### What you will do
Return all of the data exactly, with nothing left out but the pictures.

### Source data
┌────────

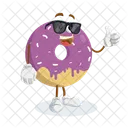 Logo Donat Pose Du Pouce De La Mascotte Drole Icône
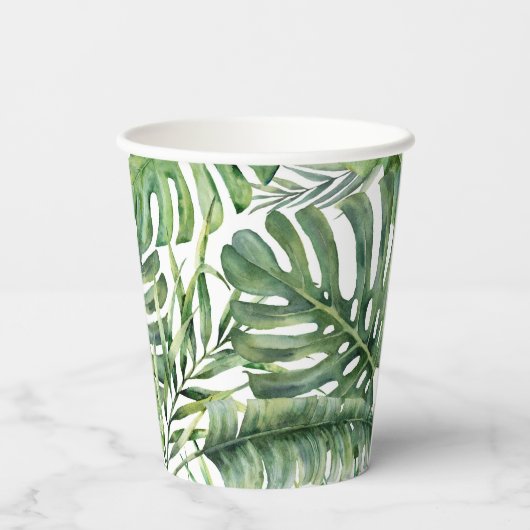 Tropisch groen laat botanische eilandpalmboom papieren bekers (Achterkant)
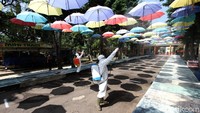 Disinfektan disemportkan di semua area.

└────────

### Result for this task
 Logo Donat Pose Du Pouce De La Mascotte Drole Icône
 Tropisch groen laat botanische eilandpalmboom papieren bekers (Achterkant)
 Disinfektan disemportkan di semua area.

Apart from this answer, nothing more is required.